The European Medicines Agency (EMA) confirmed its decision to refuse market authorization for Apellis Pharmaceuticals’ (Waltham, Massachusetts, United States) SyfovreⓇ (pegcetacoplan injection), a drug designed to treat geographic atrophy (GA) caused by dry age-related macular degeneration (AMD).
The EMA’s September 19, 2024 ruling follows a re-examination requested by Apellis after an initial rejection in June 2024. Despite the company’s efforts to address concerns raised by the Committee for Medicinal Products for Human Use (CHMP), the EMA maintained its stance, citing insufficient “clinically meaningful benefits” and safety concerns over the intravitreal injections required for the drug’s administration.
Apellis’ CEO and co-founder, Dr. Cedric Francois, expressed deep disappointment in a news release, stating, “We are deeply disappointed by this outcome, which leaves millions of Europeans with GA without a treatment for this irreversible form of blindness.” The compay also noted that the decision was particularly frustrating, given what they perceive as the broad support Syfovre had garnered from the European retina community, as well as multiple dissenting votes within the CHMP itself.
A controversial balance of risk and reward
Syfovre was developed to inhibit the C3 protein, a key part of the immune system’s complement pathway responsible for the excessive inflammation and cell death seen in GA. The drug’s objective was to slow the progression of geographic atrophy, a condition that affects over five million people worldwide.
In clinical trials, Syfovre demonstrated ability to slow the growth of GA lesions after one year of treatment. However, this reduction seemingly did not translate into significant improvements in patients’ daily functioning or visual acuity, leading the EMA to conclude that the drug’s benefits did not outweigh the risks.1,2
One major concern was the risk of complications from the regular eye injections required for Syfovre. Adverse events reported during the trials included inflammation and the development of wet AMD—a more severe form of macular degeneration.2
Impact on patients in Europe
Currently, there are no approved GA therapies in Europe to address this debilitating condition. Although early-stage AMD can be managed with vitamins such as AREDS2, there are no options for advanced GA, leaving many patients with an unmet medical need.

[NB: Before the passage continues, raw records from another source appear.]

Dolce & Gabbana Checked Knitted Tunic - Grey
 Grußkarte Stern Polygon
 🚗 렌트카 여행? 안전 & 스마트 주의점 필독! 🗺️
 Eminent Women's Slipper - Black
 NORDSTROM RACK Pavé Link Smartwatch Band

Prof. Dr. med. Frank G. Holz (Germany), a prominent retina specialist involved in Syfovre’s clinical trials, lamented the lost opportunity to bring the drug to European patients. “As an ophthalmologist and retina specialist, I have seen how patients with GA lose their ability to read, drive, and even see faces,” he said. “The Phase 3 data for pegcetacoplan are clinically meaningful and showed the potential to make a difference for EU patients.”
Business impact
For Apellis, the EMA’s decision poses serious challenges to the future of Syfovre in Europe. While the company remains focused on expanding access to the drug in the United States—where it received FDA approval in 2023—the European market now seems out of reach for the foreseeable future. Apellis has not announced whether it will pursue further appeals or adjust its clinical strategy to meet European regulatory standards.

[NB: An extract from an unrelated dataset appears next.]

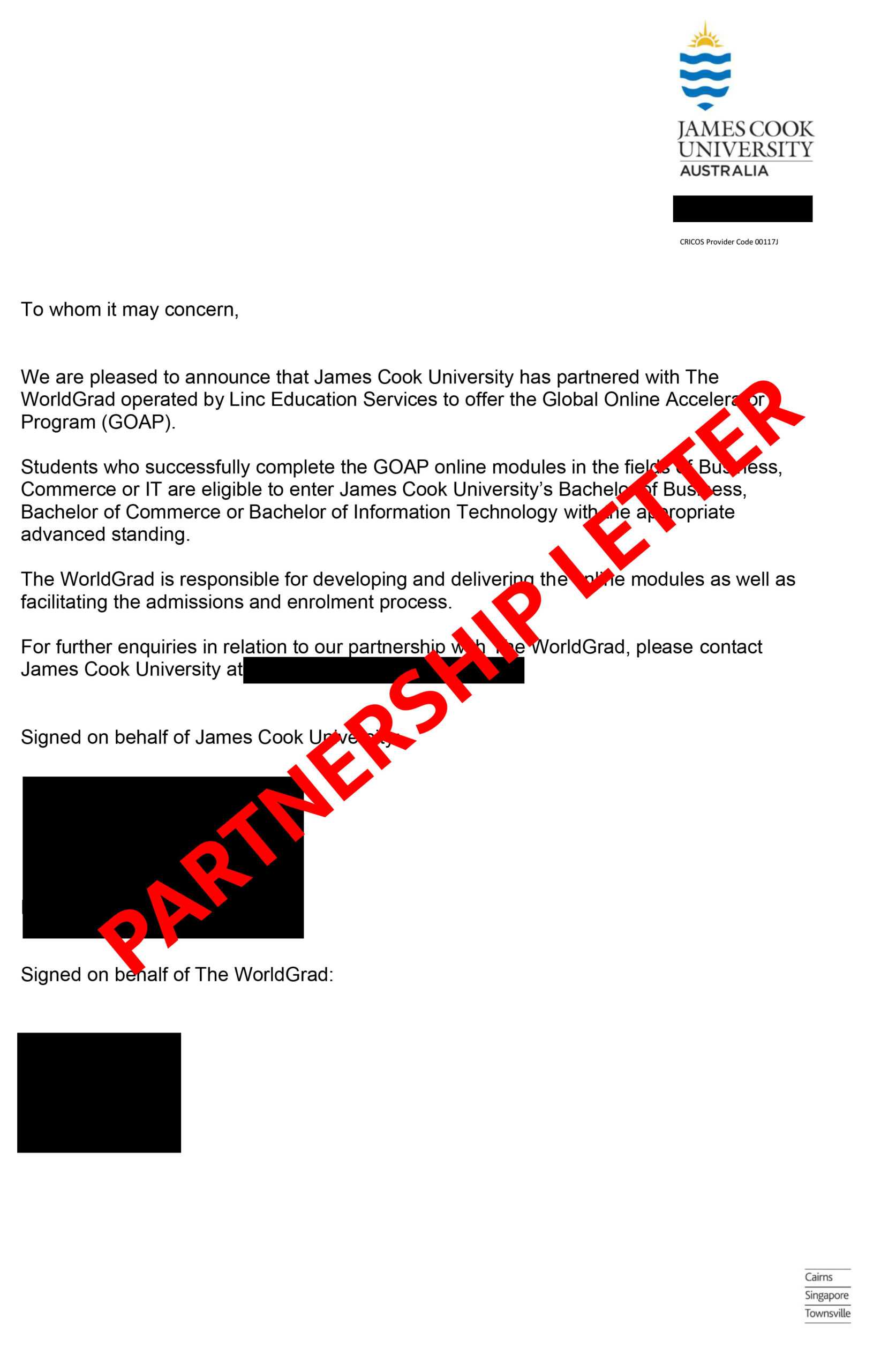 JCU-Aus-Partnership-Letter-GOAP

Following the EMA’s announcement, Apellis’ stock (NASDAQ: APLS) plunged by nearly over 10%, with trading volumes spiking to over 500% of the 10-day average, reflecting deep investor concerns over the drug’s future prospects.
Industry impact
The EMA’s decision also casts a shadow over the broader pharmaceutical’s efforts to address GA. Izervay™ (avacincaptad pegol) by Astellas Pharma (Tokyo, Japan) is currently under review by the EMA’s CHMP. Both drugs work by targeting the complement system, and both have face questions over safety risks and modest clinical benefits. The EMA’s strict standards could mean Izervay’s approval faces similar hurdles.3
As the retina community looks to the future, all eyes will be on the results of ongoing clinical trials and the possibility of new, more effective treatments emerging on the horizon. Until then, Syfovre’s rejection serves as a stark reminder of the challenges facing the pharmaceutical industry in the race to combat blindness.
References
- Heier JS, Lad EM, Holz FG, et al. Pegcetacoplan for the treatment of geographic atrophy secondary to age-related macular degeneration (OAKS and DERBY): two multicentre, randomised, double-masked, sham-controlled, phase 3 trials. The Lancet. 2023;402(10411):1434-1448.
- European Medicines Agency. Refusal of the marketing authorisation for Syfovre (pegcetacoplan):Re-examination confirms refusal. 19 September 2024. Available at: https://www.ema.europa.eu/en/medicines/human/EPAR/syfovre. Accessed on 21 September 2024.
- Khanani AM, Patel SS, Staurenghi G, et al. Efficacy and safety of avacincaptad pegol in patients with geographic atrophy (GATHER2): 12-month results from a randomised, double-masked, phase 3 trial. Lancet. 2023;402(10411):1449-1458.